== Exercise goal ==
Using the records below, locate all lines containing "بديل" and return them.

─── Given entries

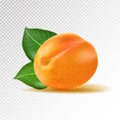 Vector ripe orange apricot on transparent background. Object from realistic 3D vector fruit collection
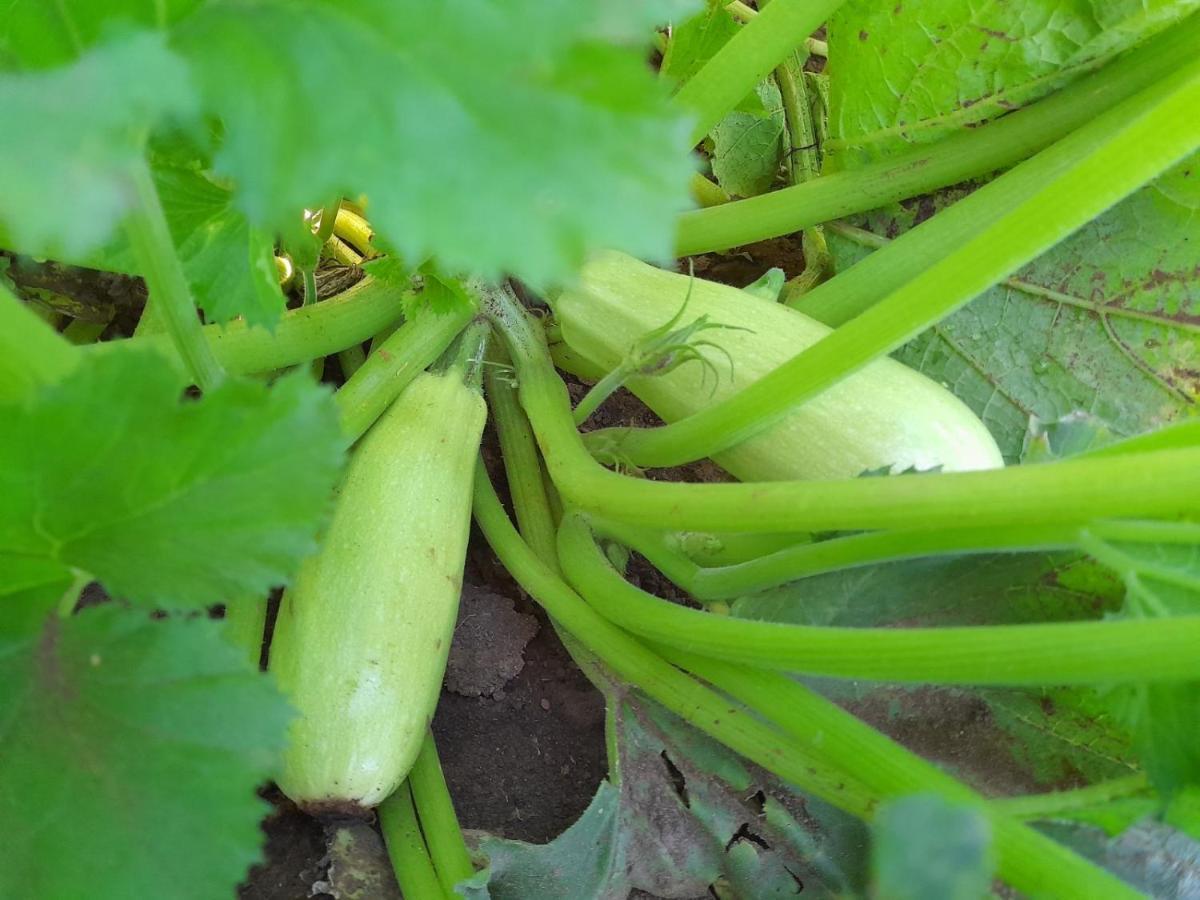 Organic Family Farm Жабляк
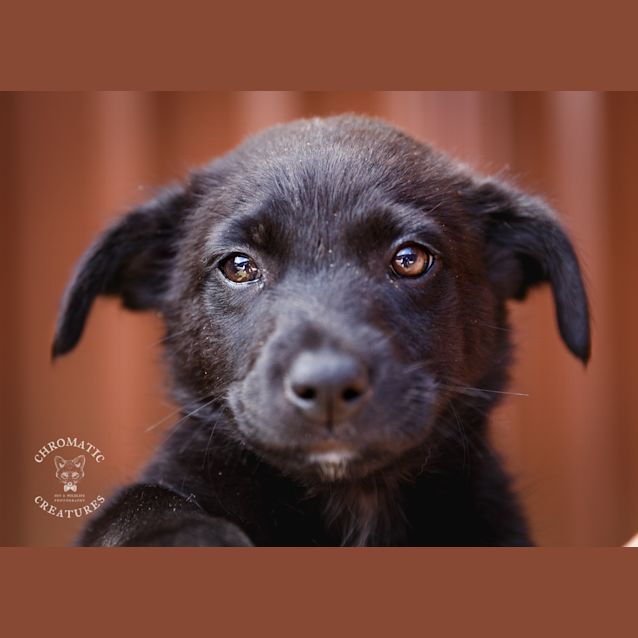 Photo of Ivy
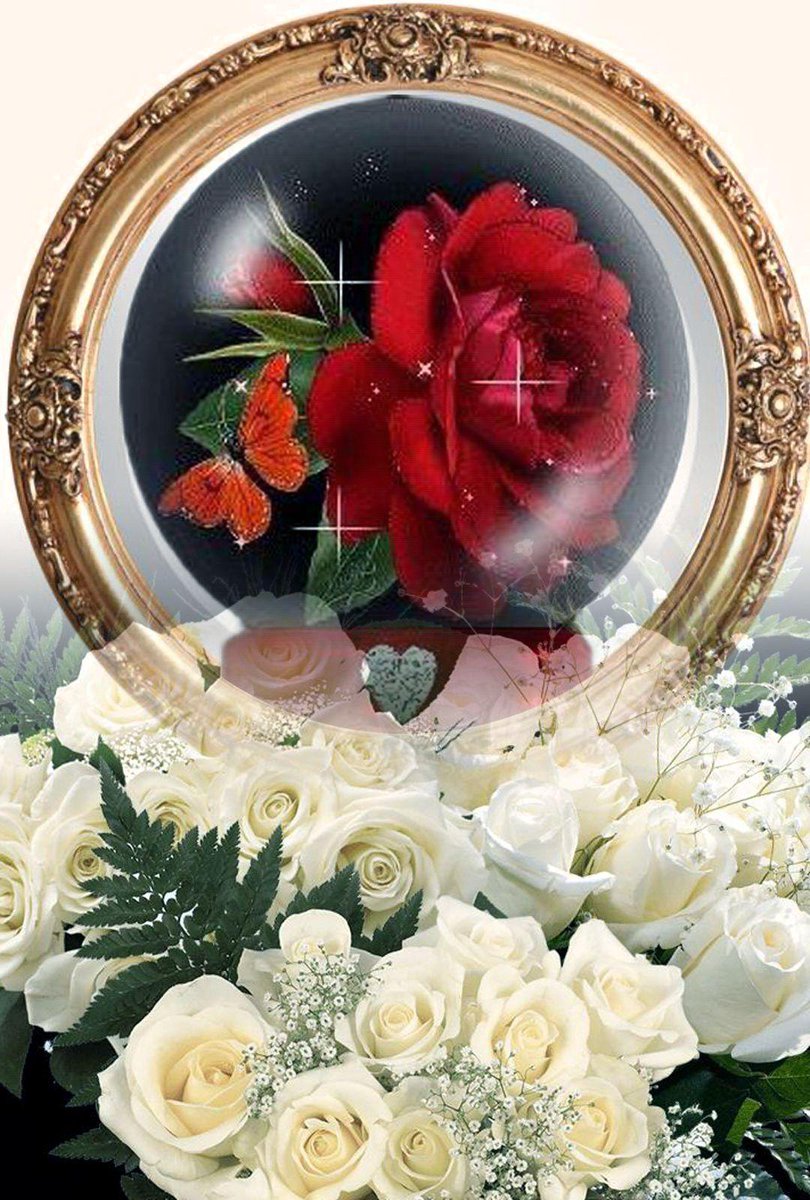 باك مضمون 🩷  
#ابومعتز_المعازى
<a href="/mtza111/">ابو معتز المعازى</a> 
<a href="/mtza222/">ابو معتز المعازى</a> 
<a href="/mtza333/">ابو معتز المعازى</a>
<a href="/MoeAreqei/">محمد ( ابو مدد )</a> 
<a href="/G_0_UG/">💰8الدكتور2💰</a> 
<a href="/AlaJawyd10907/">بنت الا جاويد</a> 
<a href="/K39kb/">حسين العلي</a> 
<a href="/WehbeYm2/">YmWehbe حساب بديل</a> 
<a href="/y__15500/">حلاااااتي بضحكااااتي 🇸🇦</a> 
<a href="/7rtrtr/">‏ ܩߺࡋߺܭܘ߳ إلا حساس👑</a> 
<a href="/Mahrr0/">ماهر محمد مرشد الكامل حساب بديل</a> 
<a href="/alhsn8302/">خﮧآلﮧد آلﮧحﮧسﮧنﮧ</a> 
<a href="/N_D_E_R7/">نذير هزاع العمري</a> 
<a href="/_HZTT/">عيون المها 🇮🇶</a> 
<a href="/WX2fu/">مهندس ايمن عماره</a> 
<a href="/aa1ji/">عـــــــــــــزوز 🇸🇦🇸🇦</a> 
<a href="/sadal27/">أبوعبدالرحمن</a> 
<a href="/Ghi1D/">غـــــــيداء 🌺</a> 
<a href="/Mr_qleess/">الشيخ / غليص ولد رماح</a> 
<a href="/poohglam/">فرز القلم</a> 
@mnymmd758619 
<a href="/Eimirahahleh/">᭓رســـــ قلـبي ـــــائل᭓</a> 
<a href="/7tttJ/">ᘓɹ̇ɹ̤jɺI g͠ᓄɹɹɹ</a>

──────

== Output for this exercise ==
<a href="/WehbeYm2/">YmWehbe حساب بديل</a> 
<a href="/Mahrr0/">ماهر محمد مرشد الكامل حساب بديل</a> 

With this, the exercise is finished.